Exercise inputs:
········
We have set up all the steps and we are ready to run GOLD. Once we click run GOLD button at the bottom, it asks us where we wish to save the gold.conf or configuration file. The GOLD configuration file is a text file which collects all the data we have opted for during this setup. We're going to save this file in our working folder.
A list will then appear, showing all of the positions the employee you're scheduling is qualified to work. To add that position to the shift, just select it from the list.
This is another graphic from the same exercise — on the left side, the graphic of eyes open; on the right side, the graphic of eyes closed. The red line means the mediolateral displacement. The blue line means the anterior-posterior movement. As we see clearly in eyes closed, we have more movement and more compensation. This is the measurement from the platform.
········
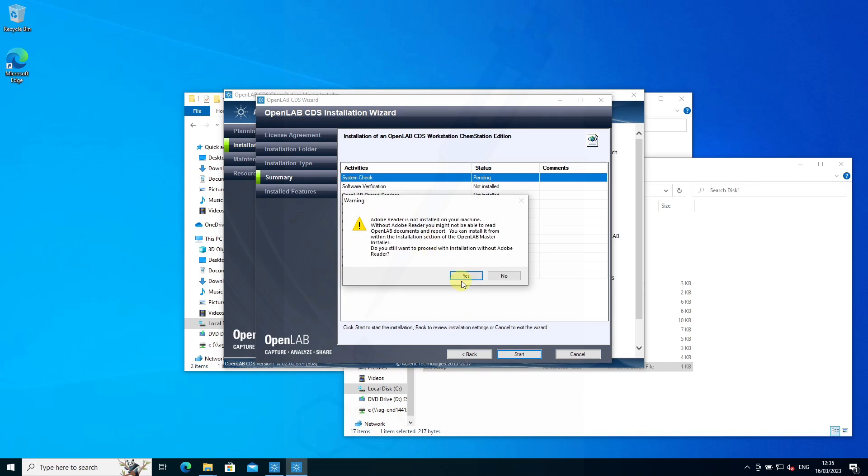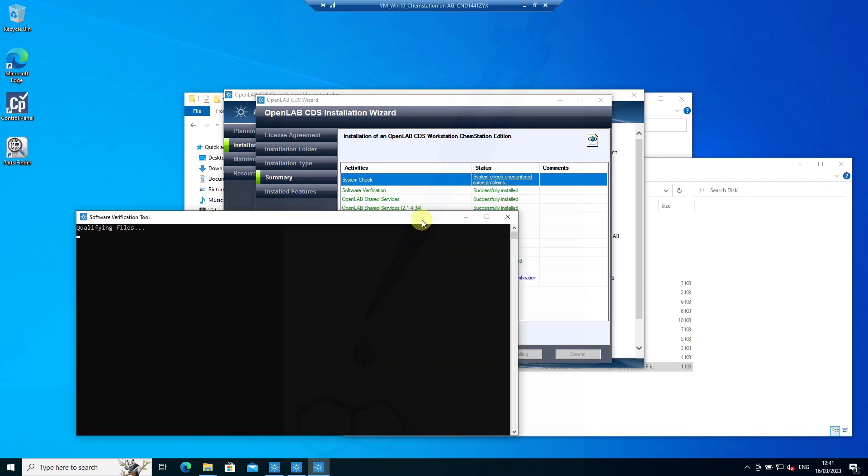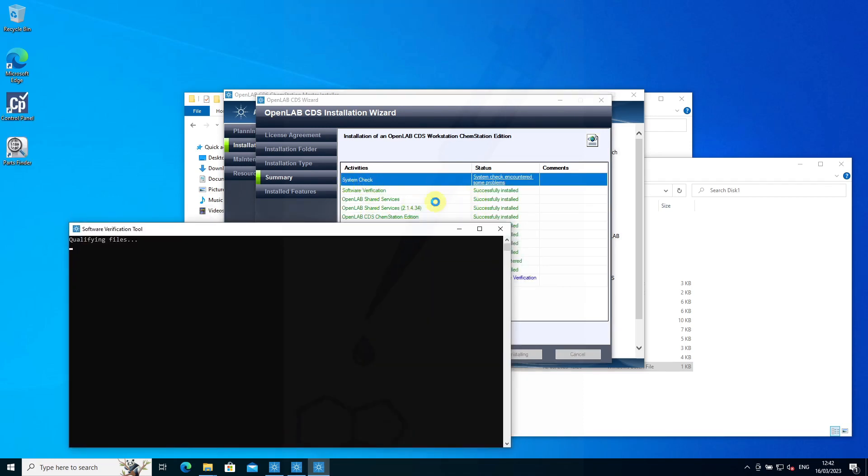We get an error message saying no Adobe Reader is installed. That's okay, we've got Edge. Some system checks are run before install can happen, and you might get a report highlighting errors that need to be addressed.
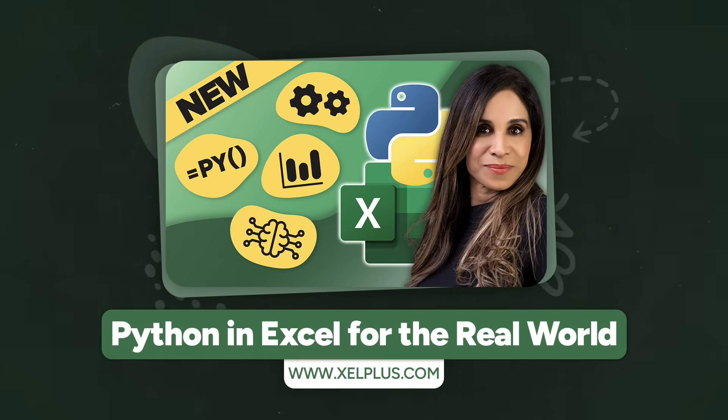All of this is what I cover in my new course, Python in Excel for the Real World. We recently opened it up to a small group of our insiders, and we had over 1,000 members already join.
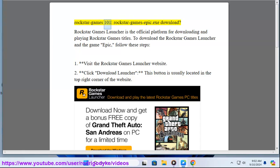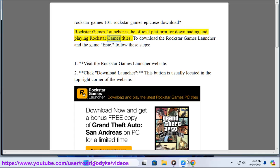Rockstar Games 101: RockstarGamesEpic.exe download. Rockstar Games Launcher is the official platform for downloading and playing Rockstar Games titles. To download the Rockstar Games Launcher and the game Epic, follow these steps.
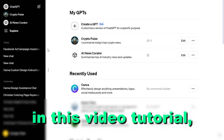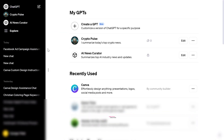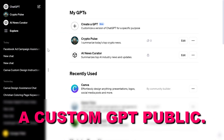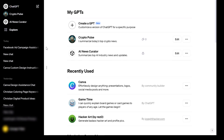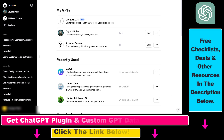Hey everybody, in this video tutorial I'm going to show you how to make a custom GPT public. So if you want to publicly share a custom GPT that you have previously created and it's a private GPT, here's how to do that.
········
Take the entries above and copy exactly the lines starting at the one with "All of this" and ending at the one with "Rockstar Games 101: RockstarGamesEpic.exe"; nothing outside that span, and no pictures.

All of this is what I cover in my new course, Python in Excel for the Real World. We recently opened it up to a small group of our insiders, and we had over 1,000 members already join.
Rockstar Games 101: RockstarGamesEpic.exe download. Rockstar Games Launcher is the official platform for downloading and playing Rockstar Games titles. To download the Rockstar Games Launcher and the game Epic, follow these steps.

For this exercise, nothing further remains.